* **YOUR GOAL**
Give an exact copy of the line that has "Glim & Glam" and of every line below it, through the last, with nothing else.

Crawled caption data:

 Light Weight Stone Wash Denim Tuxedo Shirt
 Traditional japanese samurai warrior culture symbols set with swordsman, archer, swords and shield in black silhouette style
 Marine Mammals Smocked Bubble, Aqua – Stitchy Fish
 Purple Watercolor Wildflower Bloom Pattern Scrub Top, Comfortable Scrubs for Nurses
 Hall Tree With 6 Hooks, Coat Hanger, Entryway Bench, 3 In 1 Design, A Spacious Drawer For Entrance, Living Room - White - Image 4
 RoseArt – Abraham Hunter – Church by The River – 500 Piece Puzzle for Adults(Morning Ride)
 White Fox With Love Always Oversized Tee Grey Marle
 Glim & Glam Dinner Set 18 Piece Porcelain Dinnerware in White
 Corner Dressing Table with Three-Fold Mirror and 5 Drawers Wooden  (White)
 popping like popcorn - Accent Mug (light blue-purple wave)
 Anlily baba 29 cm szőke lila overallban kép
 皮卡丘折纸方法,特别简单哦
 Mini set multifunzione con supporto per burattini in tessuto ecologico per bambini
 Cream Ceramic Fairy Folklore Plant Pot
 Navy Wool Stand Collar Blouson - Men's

* **EXERCISE RESULT**
 Glim & Glam Dinner Set 18 Piece Porcelain Dinnerware in White
 Corner Dressing Table with Three-Fold Mirror and 5 Drawers Wooden  (White)
 popping like popcorn - Accent Mug (light blue-purple wave)
 Anlily baba 29 cm szőke lila overallban kép
 皮卡丘折纸方法,特别简单哦
 Mini set multifunzione con supporto per burattini in tessuto ecologico per bambini
 Cream Ceramic Fairy Folklore Plant Pot
 Navy Wool Stand Collar Blouson - Men's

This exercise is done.